This year has been declared the International Year of Fruit and Vegetables  by the UN – perhaps they were inspired by the growing vegan movement!

To help make sure you eat the very best fresh fruit and veg France has to offer, the French Department for Agriculture has put together this handy guide to the country’s official signs and logos which recognise the skills and know-how of French producers. Don’t know your AOC from your AOP? Now’s your chance to find out…


The Red Label is the French mark that certifies that a product has a higher level of quality than a similar product on the market.

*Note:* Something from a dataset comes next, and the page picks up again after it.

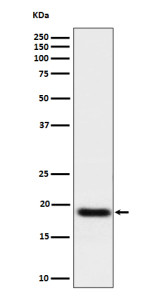 Anti-TNFAIP8 / Tumor necrosis factor alpha induced protein 8, clone 30T22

This superior quality is regularly evaluated and monitored. Examples of Label Rouge products include sweet peppers, Adour kiwis, pink garlic from Lautrec… The Label Rouge is open to all products, including non-food items, regardless of their geographical origin (including outside the European Union). There are 500 Red Label products in France.

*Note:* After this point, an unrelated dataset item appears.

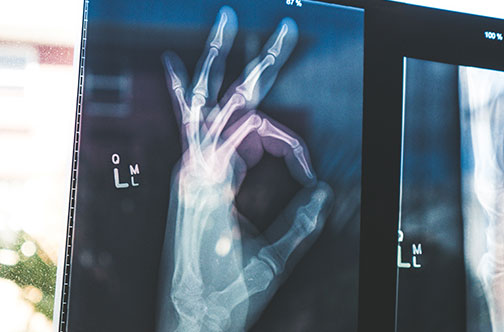 Osteoporosis Awareness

The Protected Geographical Indication recognises an agricultural product, raw or processed, whose quality, reputation or other characteristics are linked to its geographical origin. Carrying the IGP label protects the name of the product throughout the European Union and it can be used in the agricultural, agro-food and wine sectors. Examples include the Mirabelle plum from Lorraine, the Corsican pomelo and strawberries from Nîmes. There are 122 IGPs registered in France.


The Appellation d’origine contrôlée  (AOC) recognises a product whose production follows a well-established technique within a specific geographical area, which gives the product its characteristics. The concept of terroir is key to this label. AOC products must meet the criteria of the L’Appellation d’origine protégée (see below),and AOC status constitutes a step towards the PDO mark, a Europe-wide sign. Examples include the Roscoff onion, Solliès fig and the sweet onion of the Cévennes. Fifty dairy products, mostly cheeses, carry the AOC; 51 fruit and vegetable products, including olive oils have it; and 363 wines and eaux-de-vie have AOC status.


The AOP, otherwise known as the Protected Designation of Origin (PDO) is the European equivalent of the AOC (Appellation d’origine contrôlée). The Limousin apple has AOP status, for example.